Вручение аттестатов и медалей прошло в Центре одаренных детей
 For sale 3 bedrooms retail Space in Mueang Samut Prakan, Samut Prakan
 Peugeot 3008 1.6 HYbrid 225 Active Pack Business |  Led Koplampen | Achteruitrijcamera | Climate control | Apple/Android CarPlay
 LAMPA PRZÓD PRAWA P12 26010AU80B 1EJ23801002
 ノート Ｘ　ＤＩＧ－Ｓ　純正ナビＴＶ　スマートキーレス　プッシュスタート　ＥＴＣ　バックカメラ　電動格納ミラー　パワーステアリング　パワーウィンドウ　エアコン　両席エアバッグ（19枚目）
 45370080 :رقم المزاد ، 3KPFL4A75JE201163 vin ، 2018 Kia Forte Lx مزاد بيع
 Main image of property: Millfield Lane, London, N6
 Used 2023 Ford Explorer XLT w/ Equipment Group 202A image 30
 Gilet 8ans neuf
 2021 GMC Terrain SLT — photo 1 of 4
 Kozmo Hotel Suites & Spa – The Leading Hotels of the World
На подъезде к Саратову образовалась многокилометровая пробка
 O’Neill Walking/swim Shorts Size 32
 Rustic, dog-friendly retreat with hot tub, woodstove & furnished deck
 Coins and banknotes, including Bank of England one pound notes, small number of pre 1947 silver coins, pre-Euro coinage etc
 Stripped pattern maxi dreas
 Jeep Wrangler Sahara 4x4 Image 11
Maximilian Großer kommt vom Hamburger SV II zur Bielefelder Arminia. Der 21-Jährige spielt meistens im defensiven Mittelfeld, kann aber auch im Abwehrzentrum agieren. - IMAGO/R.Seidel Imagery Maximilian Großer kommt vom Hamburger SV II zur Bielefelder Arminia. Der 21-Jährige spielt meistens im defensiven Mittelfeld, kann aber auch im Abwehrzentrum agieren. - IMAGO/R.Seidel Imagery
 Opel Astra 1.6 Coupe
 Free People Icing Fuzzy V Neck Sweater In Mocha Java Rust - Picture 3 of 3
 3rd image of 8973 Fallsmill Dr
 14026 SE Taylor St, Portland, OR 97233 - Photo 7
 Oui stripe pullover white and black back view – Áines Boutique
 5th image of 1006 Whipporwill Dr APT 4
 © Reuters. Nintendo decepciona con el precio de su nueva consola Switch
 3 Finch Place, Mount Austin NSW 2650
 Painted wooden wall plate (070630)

+++++

From the listing above, output exactly the run of lines that starts with the line containing "Used 2023 Ford" and ends with the line containing "Jeep Wrangler Sahara 4x4 Image 11".

 Used 2023 Ford Explorer XLT w/ Equipment Group 202A image 30
 Gilet 8ans neuf
 2021 GMC Terrain SLT — photo 1 of 4
 Kozmo Hotel Suites & Spa – The Leading Hotels of the World
На подъезде к Саратову образовалась многокилометровая пробка
 O’Neill Walking/swim Shorts Size 32
 Rustic, dog-friendly retreat with hot tub, woodstove & furnished deck
 Coins and banknotes, including Bank of England one pound notes, small number of pre 1947 silver coins, pre-Euro coinage etc
 Stripped pattern maxi dreas
 Jeep Wrangler Sahara 4x4 Image 11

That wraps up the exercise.